» **Task item**
Give back an exact copy of the lines below, from the first through the line with "Red Blood Cells"; please stop there.

═════ Extracted entries

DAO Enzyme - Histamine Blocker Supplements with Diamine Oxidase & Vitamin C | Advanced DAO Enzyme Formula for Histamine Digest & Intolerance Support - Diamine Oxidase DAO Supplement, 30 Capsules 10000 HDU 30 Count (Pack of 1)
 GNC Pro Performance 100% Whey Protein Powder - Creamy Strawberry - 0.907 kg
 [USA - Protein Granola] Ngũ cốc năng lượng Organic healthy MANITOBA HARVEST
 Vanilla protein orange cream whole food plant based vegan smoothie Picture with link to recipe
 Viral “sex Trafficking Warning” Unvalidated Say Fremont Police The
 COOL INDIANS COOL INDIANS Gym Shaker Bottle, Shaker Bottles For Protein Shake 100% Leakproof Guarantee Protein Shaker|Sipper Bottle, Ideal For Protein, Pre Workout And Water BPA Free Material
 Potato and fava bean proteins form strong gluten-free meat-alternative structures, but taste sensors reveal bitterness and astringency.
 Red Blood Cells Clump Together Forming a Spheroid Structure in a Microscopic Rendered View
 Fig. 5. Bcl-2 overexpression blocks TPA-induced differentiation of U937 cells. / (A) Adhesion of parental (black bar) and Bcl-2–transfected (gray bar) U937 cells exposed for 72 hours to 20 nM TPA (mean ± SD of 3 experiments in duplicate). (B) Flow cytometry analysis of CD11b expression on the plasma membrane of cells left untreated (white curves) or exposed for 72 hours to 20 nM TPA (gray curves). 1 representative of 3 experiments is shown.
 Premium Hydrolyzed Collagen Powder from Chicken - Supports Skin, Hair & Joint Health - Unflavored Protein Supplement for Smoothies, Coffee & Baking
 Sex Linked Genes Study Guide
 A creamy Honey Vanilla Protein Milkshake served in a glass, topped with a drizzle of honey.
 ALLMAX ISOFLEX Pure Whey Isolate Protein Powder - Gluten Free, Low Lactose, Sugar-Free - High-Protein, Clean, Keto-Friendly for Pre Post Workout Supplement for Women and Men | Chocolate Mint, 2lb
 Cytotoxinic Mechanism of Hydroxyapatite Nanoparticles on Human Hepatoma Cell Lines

══════════

» **Solution for this problem**
DAO Enzyme - Histamine Blocker Supplements with Diamine Oxidase & Vitamin C | Advanced DAO Enzyme Formula for Histamine Digest & Intolerance Support - Diamine Oxidase DAO Supplement, 30 Capsules 10000 HDU 30 Count (Pack of 1)
 GNC Pro Performance 100% Whey Protein Powder - Creamy Strawberry - 0.907 kg
 [USA - Protein Granola] Ngũ cốc năng lượng Organic healthy MANITOBA HARVEST
 Vanilla protein orange cream whole food plant based vegan smoothie Picture with link to recipe
 Viral “sex Trafficking Warning” Unvalidated Say Fremont Police The
 COOL INDIANS COOL INDIANS Gym Shaker Bottle, Shaker Bottles For Protein Shake 100% Leakproof Guarantee Protein Shaker|Sipper Bottle, Ideal For Protein, Pre Workout And Water BPA Free Material
 Potato and fava bean proteins form strong gluten-free meat-alternative structures, but taste sensors reveal bitterness and astringency.
 Red Blood Cells Clump Together Forming a Spheroid Structure in a Microscopic Rendered View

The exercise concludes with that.